DIRECTIONS FOR THIS TASK.
Starting at the top of the listing, extract every line up to and including the one with "Couple poulettes noires à pois blanc". Pictures stay out of the copy.

GIVEN RECORDS.
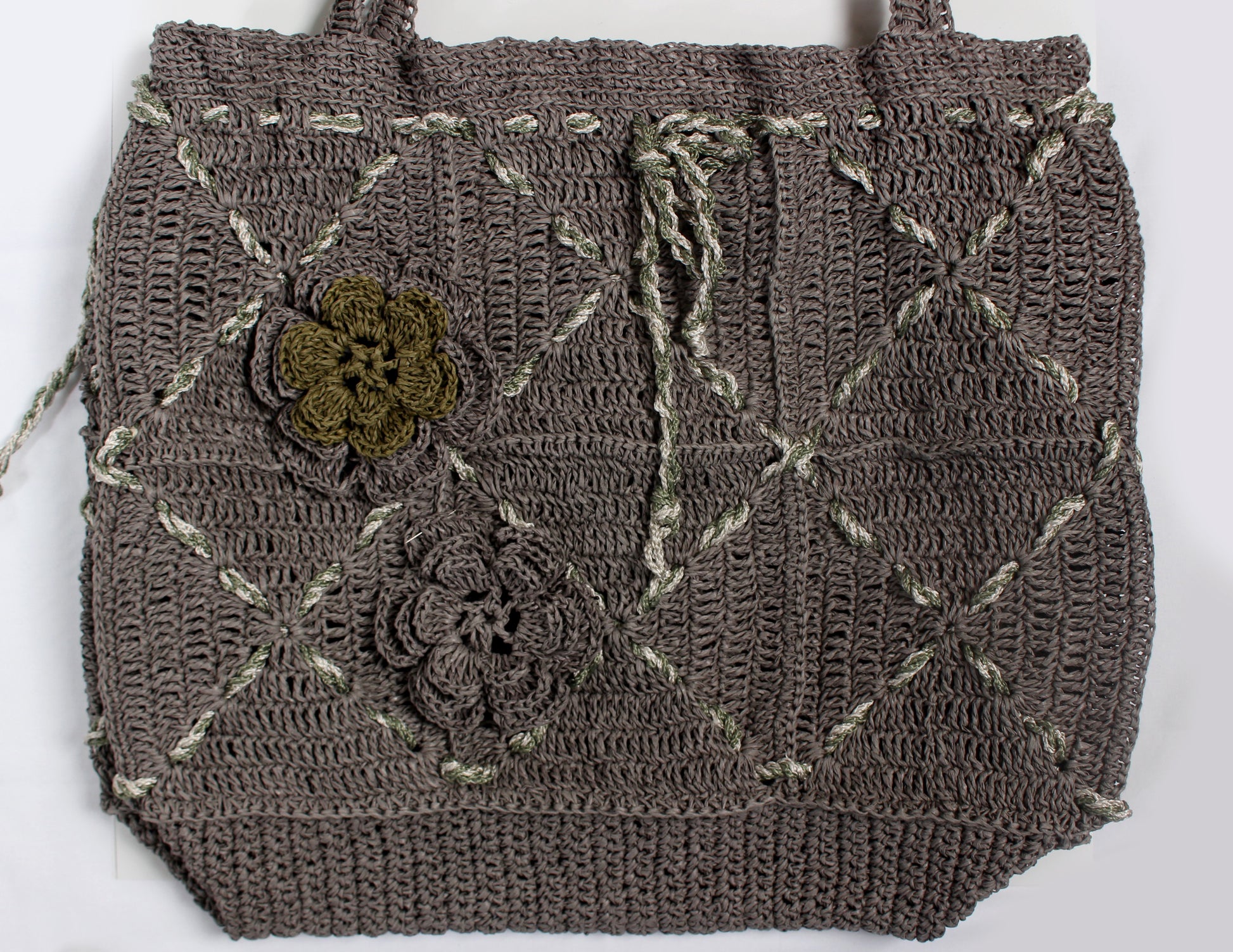 Elde bükülmüş floş kordonlarla süslenmiş gri kağıt iplikten yapılmış, iki renkli gül motifleriyle tamamlanan şık ve fonksiyonel çanta.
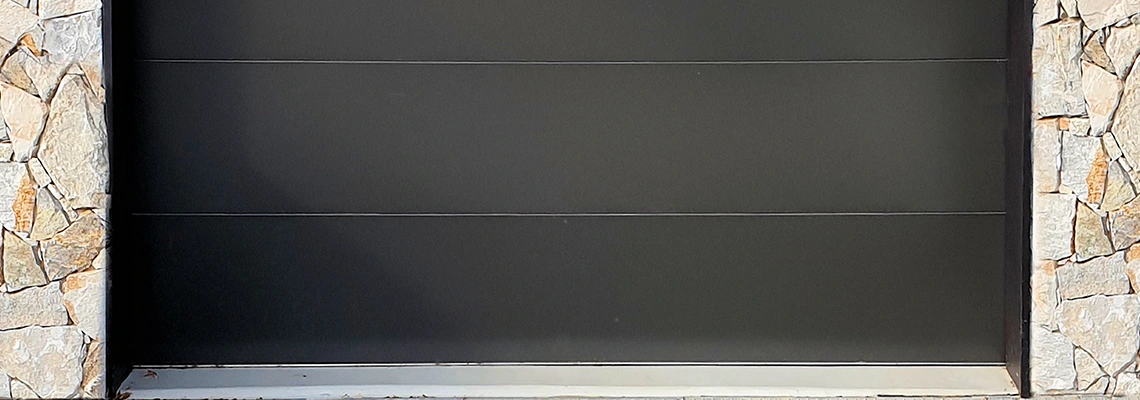 Overhead Black Garage Door Installation in Gravenhurst, Ontario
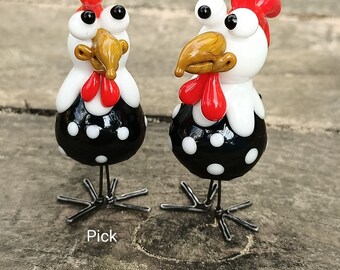 Couple poulettes noires à pois blanc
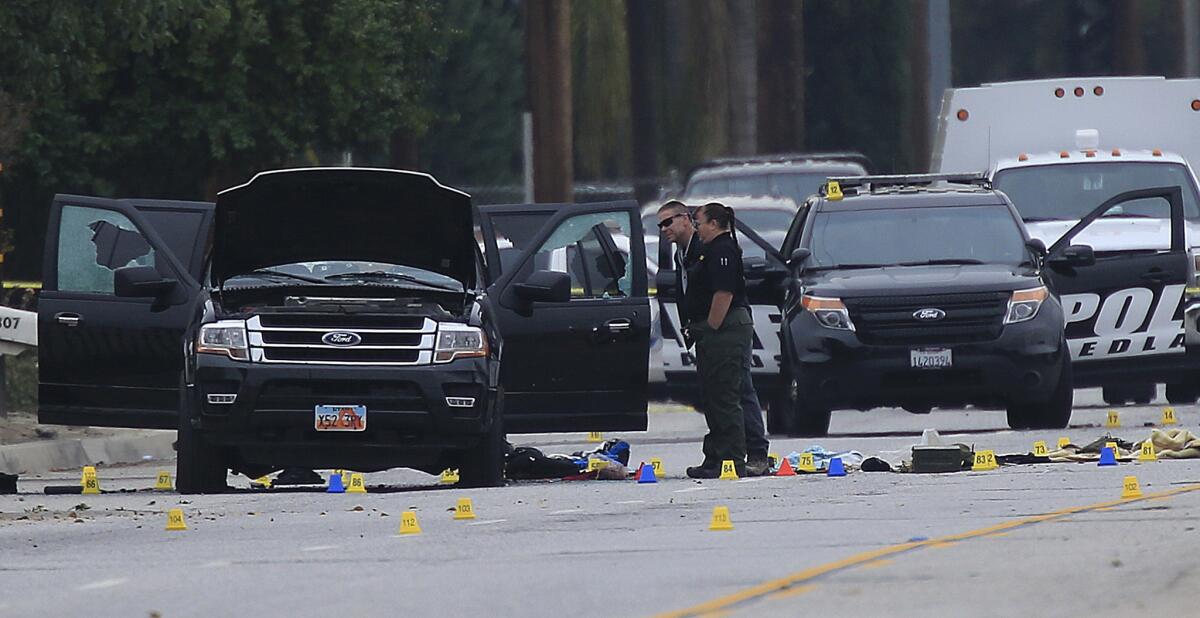 Crime scene investigators search Syed Rizwan Farook and Tashfeen Malik's SUV after a gun battle with the couple in San Bernardino on Dec. 4, 2015.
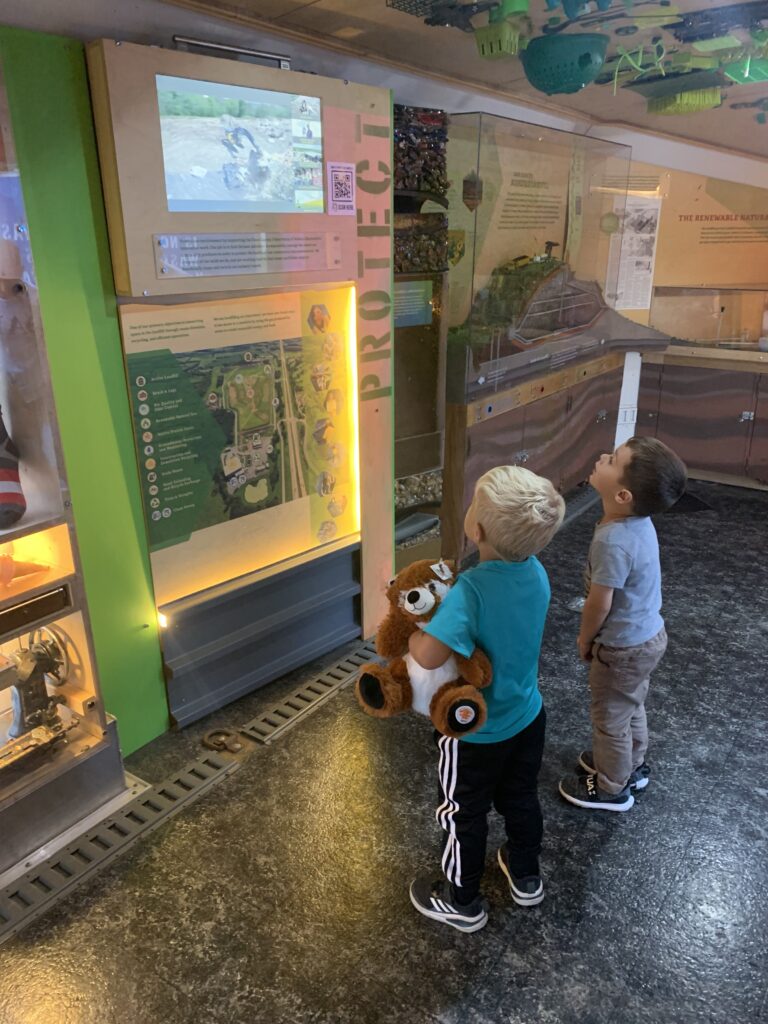 Two children are captivated by a nature exhibit in a museum in the Dane County Trash Lab at the 2025 Garden & Green Living Expo. One holds a stuffed animal while they both gaze at an illuminated screen displaying wildlife.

EXERCISE RESPONSE.
 Elde bükülmüş floş kordonlarla süslenmiş gri kağıt iplikten yapılmış, iki renkli gül motifleriyle tamamlanan şık ve fonksiyonel çanta.
 Overhead Black Garage Door Installation in Gravenhurst, Ontario
 Couple poulettes noires à pois blanc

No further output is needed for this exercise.